Décidément Berlin est hantée. Après les visiteurs spectraux de Denis Côté, une autre de forme de fantômes est cette année à l’honneur au forum : ceux de films afghans inachevés, tournés entre 1978 et 1991, sous les différents régimes communistes dont ils ont subis les aléas. La documentariste Mariam Ghani exhume ces images inédites (dont la plupart n'avaient originellement ni sons ni dialogues), et en fait la matière principale de son film au titre si joliment évocateur : What we left unfinished (ce qu’on laisse inachevé), présenté dans la section Forum de la Berlinale.
Disons-le tout de suite, la partie purement documentaire, à savoir les témoignages des réalisateurs et comédiens de l’époque, est inégale. Bien sûr, les propos de la comédienne Yasamin Armal, qui a perdu toute sa famille à cause de sa vocation de comédienne, dès l’âge de 14 ans, sont à la fois touchant et passionnants. On sent en filigrane son désir d’émancipation, et la volonté d’offrir par procuration cette liberté aux spectatrices de ses films. Les souvenirs de tournage avec le président Hafizullah Amin en guest star ou sous le feu des balles réelles (celles utilisées sur le plateau, mais aussi celles des Moudjahidins qui attaquent l’équipe) sont également assez savoureux et inattendus. D’autres sont plus anecdotiques, voire un peu répétitifs.
Echos d'un passé à jamais révolu
Mais l’essentiel n’est pas là. Car ce qui compte, ce sont ces pépites présentées sous nos yeux, films clairement à la gloire de la révolution et de l'idéal communiste (comment, sinon, obtenir les moyens de tourner dans un système où l’industrie cinématographique a été nationalisée ?), qui donnent de l’Afghanistan une image particulièrement éloignée des clichés contemporains. Ce sont donc des femmes (trop) maquillées, des hommes en jean et en blouson de cuir, des chemises ouvertes et des robes légères qui se succèdent à l’écran. Toute l’imagerie hollywoodienne du cinéma d’action est aussi présente : explosions, combats, fusillades... L’un des héros, qui vient annoncer les bienfaits de la révolution, semble même tout droit sorti d’un épisode de Starsky et Hutch.
On regrette amèrement de ne pas en voir et en apprendre plus. Plutôt que l’histoire du cinéma en Afghanistan sous le régime communiste, on a envie de découvrir ces films dont on ne voit à l'écran que des bribes, mêlés les uns aux autres au gré du montage. Peut-être Mariam Ghani n'a-t-elle pas totalement pris la mesure du formidable potentiel cinématographique que représentent ces images au-delà de leur valeur historique. De la force qu’elles prennent ensemble, et de ce qu’elles disent certes d’une époque, mais aussi et surtout du cinéma en général.

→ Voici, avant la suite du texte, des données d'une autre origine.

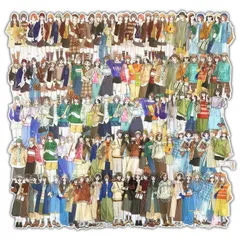 【在庫処分】デコ 手帳 和紙 日記装飾用品 メモ用紙ノート素材 シール シール DIYの飾り 女の子 可愛い フレークシール 大容量 コラージュ素材紙 ガール おしゃれ ステッカー 人物 コラージュ 120枚セット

Elles nous parviennent alors comme des fantômes privés de parole, échos d’un passé à jamais révolu, et riches d’une histoire qui en a totalement transformé la trajectoire et la signification. Elles nous incitent à penser le cinéma comme l'art de préserver le passé et de ressusciter les morts, mais aussi de remonter, et parfois d'arrêter, le temps qui n'en finit plus de filer. Terminés, ces films auraient été oubliés. Inachevés, ils gagnent un goût d'éternité.